Source: E&E, 11-10-11 • Posted: Thursday, November 10, 2011


Hannah Northey, E&E reporter


Former Rep. Rick Boucher (D-Va.) will co-chair a new Bipartisan Policy Center panel to address challenges in modernizing the electric grid and incorporating larger amounts of wind, solar and other renewable energy sources.

The 28-year House veteran will co-chair the panel with Curt Hebert Jr., a former chairman at the Federal Energy Regulatory Commission, and Allison Clements, director of the Project for Sustainable FERC Energy Policy at the Natural Resources Defense Council.

The group will develop recommendations for how FERC can remove market barriers to clean energy sources and new technologies while ensuring the grid is reliable. The panel will also focus on economic incentives and opportunities that stimulate market growth and inspire infrastructure development. It is expected to release final recommendations at the end of next year.

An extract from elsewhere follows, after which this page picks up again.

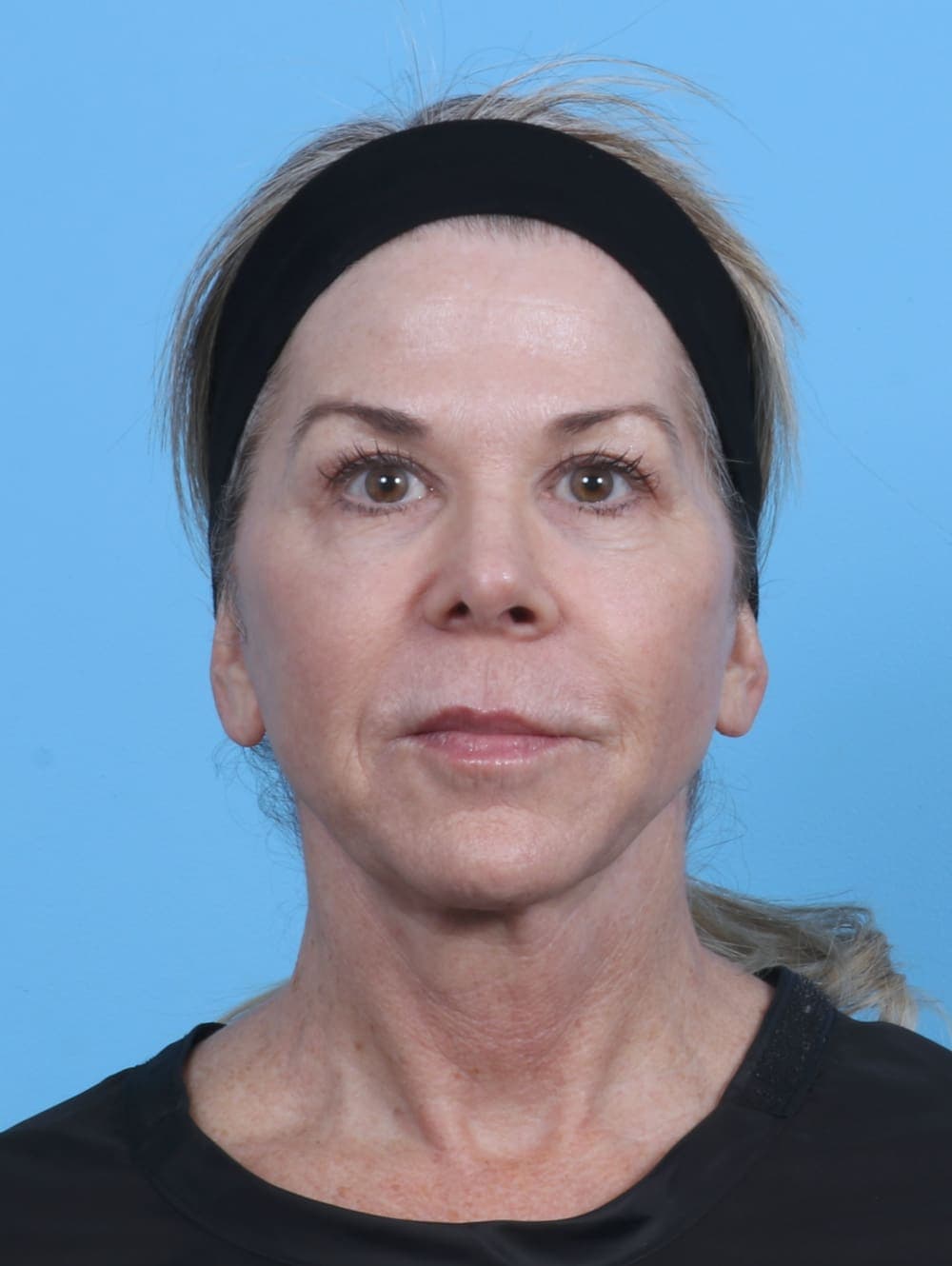 Facelift case #4211 after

Boucher is currently a partner with top Washington law and lobbying firm Sidley Austin LLP, after losing a tight race last fall to then-state House Majority Leader Morgan Griffith (R) (E&E Daily, May 19). Notably, Boucher came under fire for his support of energy and climate issues during the campaign, including his vote in favor of the cap-and-trade climate bill that cleared the House in 2009.

Hebert is currently CEO at Lexicon Strategy Group, which specializes in risk assessment and business strategies. Hebert stepped down as FERC’s chairman in 2001 to become vice president at New Orleans-based Entergy Corp. (Greenwire, Feb. 24). A close ally of former Senate Minority Leader Trent Lott (R-Miss.), Hebert was appointed to FERC by former President Clinton in 1997 and named FERC chairman by President George W. Bush in January 2001.

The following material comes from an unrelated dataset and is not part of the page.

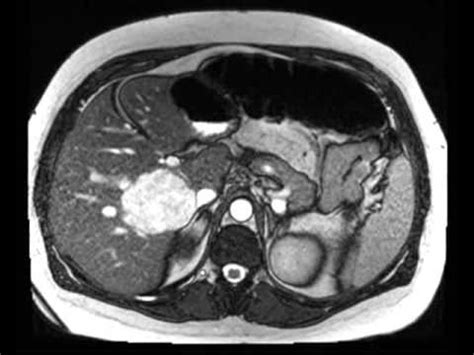 Liver Hemangioma Mri Enhancement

Boucher said he looks forward to working with Hebert and Clements through the “Initiative on Delivering Electric System Reliability and Clean Technology” to support FERC as it ensures grid reliability while integrating growing sources of renewable energy.

“The FERC and other agencies play an important role in both ensuring the reliability of the national electricity grid and, through regulation of interstate electricity markets, reducing barriers to the integration of clean energy technologies,” he said in a statement.

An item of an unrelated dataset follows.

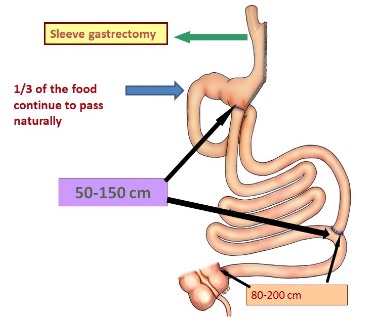 Transit Bipartition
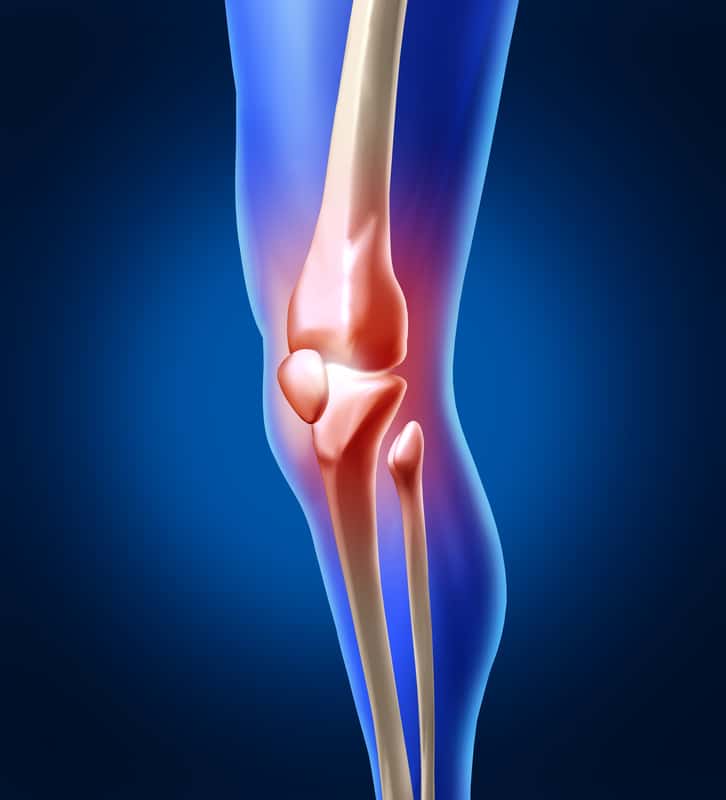 Human Knee Pain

Clements said the commission has an opportunity to modernize the grid and diversify the amount of clean energy reaching consumers — renewables and demand response — and that she looks forward to making recommendations to help the agency meet its goals.

The initiative will also recruit stakeholders from energy companies, public utility commissions, regional transmission organizations and independent system operators, academia and advocacy groups, according to the center.

FERC is in the midst of several high-profile rulemakings to revamp the process for allocating costs and planning new power lines while incorporating state goals, such as renewable portfolio standards. The agency approved Order 1000 this summer, which requires transmission providers to participate in regional planning and cost-allocation methods and to consider state and federal policies and goals (Greenwire, July 21).

Some Republicans have questioned whether customers will be saddled with paying for grid modernization projects they do not benefit from (Greenwire, Oct. 13).